## ASSIGNMENT
Output only the lines from the one holding "2017-18 National FFA Alumni Council" to the end of the data below, please, copied exactly.

==========

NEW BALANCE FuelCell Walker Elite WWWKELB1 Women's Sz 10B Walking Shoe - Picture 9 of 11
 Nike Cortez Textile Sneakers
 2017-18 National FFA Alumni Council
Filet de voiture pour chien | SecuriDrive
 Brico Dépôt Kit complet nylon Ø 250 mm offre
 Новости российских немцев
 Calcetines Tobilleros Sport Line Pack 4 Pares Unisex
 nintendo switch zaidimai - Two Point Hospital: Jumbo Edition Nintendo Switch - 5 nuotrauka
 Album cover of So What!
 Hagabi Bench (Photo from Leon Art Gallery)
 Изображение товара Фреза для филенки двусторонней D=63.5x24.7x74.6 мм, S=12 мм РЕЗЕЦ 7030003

==========

## RESPONSE TO THE TASK
 2017-18 National FFA Alumni Council
Filet de voiture pour chien | SecuriDrive
 Brico Dépôt Kit complet nylon Ø 250 mm offre
 Новости российских немцев
 Calcetines Tobilleros Sport Line Pack 4 Pares Unisex
 nintendo switch zaidimai - Two Point Hospital: Jumbo Edition Nintendo Switch - 5 nuotrauka
 Album cover of So What!
 Hagabi Bench (Photo from Leon Art Gallery)
 Изображение товара Фреза для филенки двусторонней D=63.5x24.7x74.6 мм, S=12 мм РЕЗЕЦ 7030003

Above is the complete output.